At Dartmouth, a tour guide ushered my group past a large, wood-paneled room filled with comfortable chairs and mentioned the Hogwarts feel it was known for. At another liberal arts college, I heard that students had voted to name four buildings on campus after the four houses in Hogwarts: Gryffindor, Ravenclaw, Hufflepuff and Slytherin. Several colleges let it be known that Emma Watson, the actress who plays Hermione Granger in the movies, had looked into them. I read, in Cornell’s fall 2009 quarterly magazine, that a college admissions counseling Web site had counted Cornell among the five American colleges that have the most in common with Hogwarts. Both institutions, you see, are conveniently located outside cities. The article ended: “Bring your wand and broomstick, just in case.”

I’m not the only one who has noticed this phenomenon. One friend told me about Boston College’s Hogwartsesque library, another of Colby’s “Harry Potter”-themed dinner party. And like me, my friends have no problem with college students across the country running around with broomsticks between their legs, trying to seize tennis balls stuffed into socks (each one dubbed a snitch) that dangle off the backs of track athletes dressed in yellow. Hey, college is all about experimentation, isn’t it?

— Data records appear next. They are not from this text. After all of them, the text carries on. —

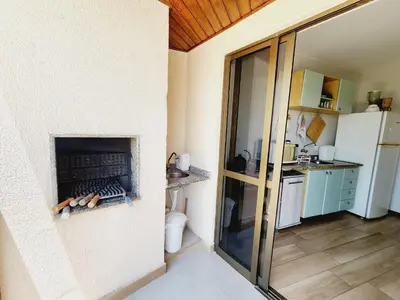 A cozinha ou kitchenette de Sobrado 30 m praia, quartos climatizados, 1 vaga, até 6 pessoas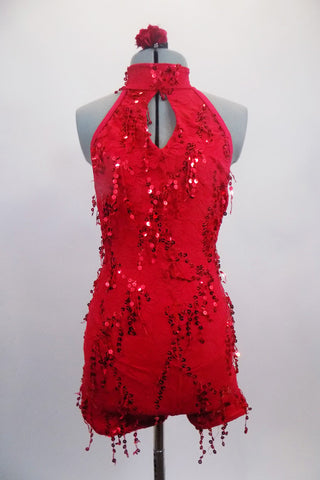 Red short unitard has red dangle sequins, peek-a-boo front & high collar. Fully open back had two vertical straps from neck to waist. Comes with hair accessory. Front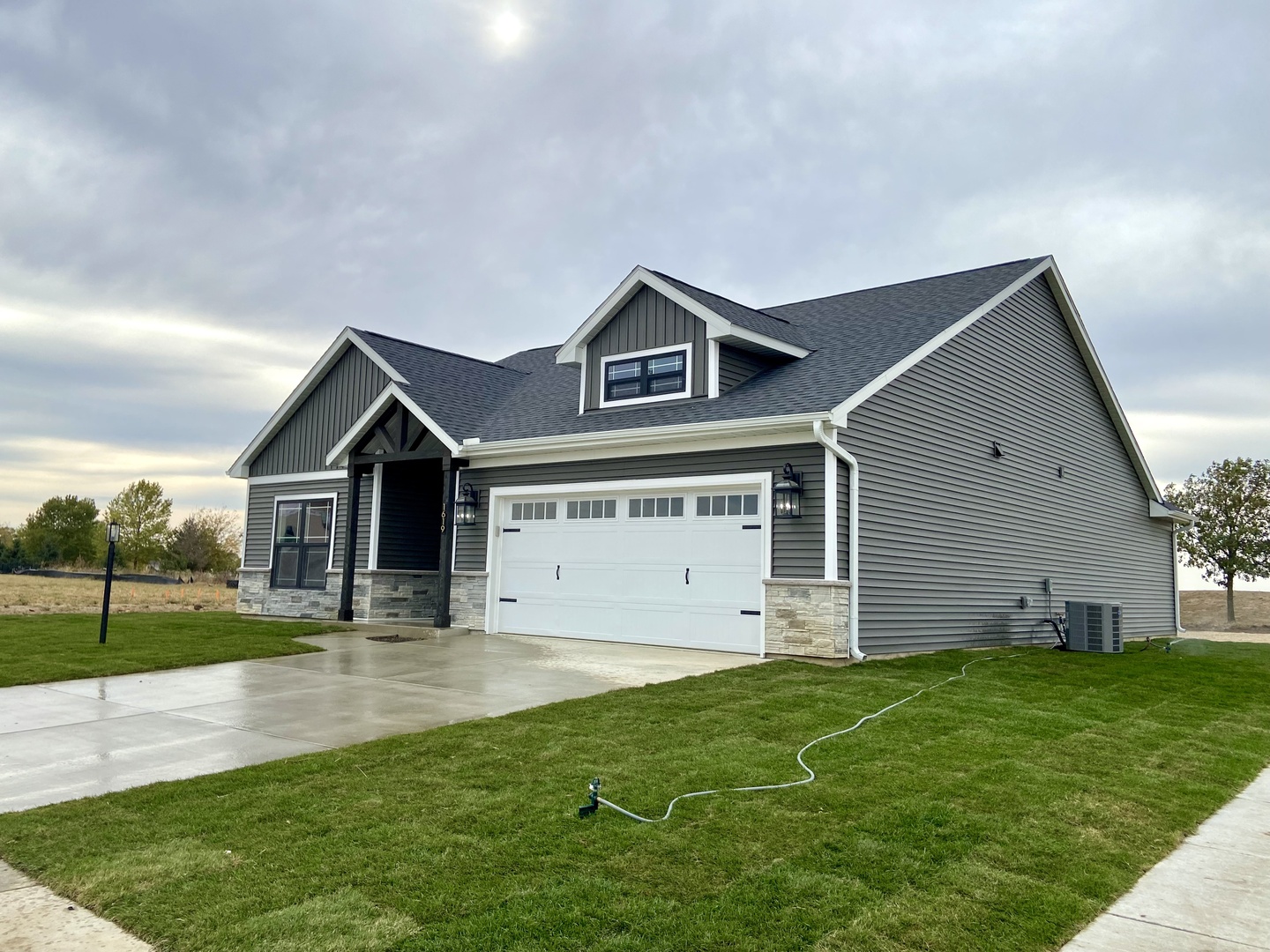 1619 Peppermill Lane Champaign, IL 61822 - Photo 30 of 31 a front view of house with yard and green space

In fact, most of us have grown up adoring Harry Potter and, through J. K. Rowling’s books, we’ve escaped many times into the world she created. But what I enjoy in fiction I don’t necessarily want to find in college. And, despite any wishes to the contrary, the real-life skills I hope to gain from college do not include magic.

What really matters to me as I prepare to make my decision? Well, I loved hearing about Williams College’s two-student classes called tutorials, and how Swarthmore lets students weigh in on almost every big decision made by its administration. I was really impressed by Middlebury’s student-driven campaign to save energy on campus. (For the sake of full disclosure, I just might be applying to some of these schools.) I care about diversity and need-blind financial aid — and, of course, the social life. But I don’t care about what percentage of the student body runs around on broomsticks.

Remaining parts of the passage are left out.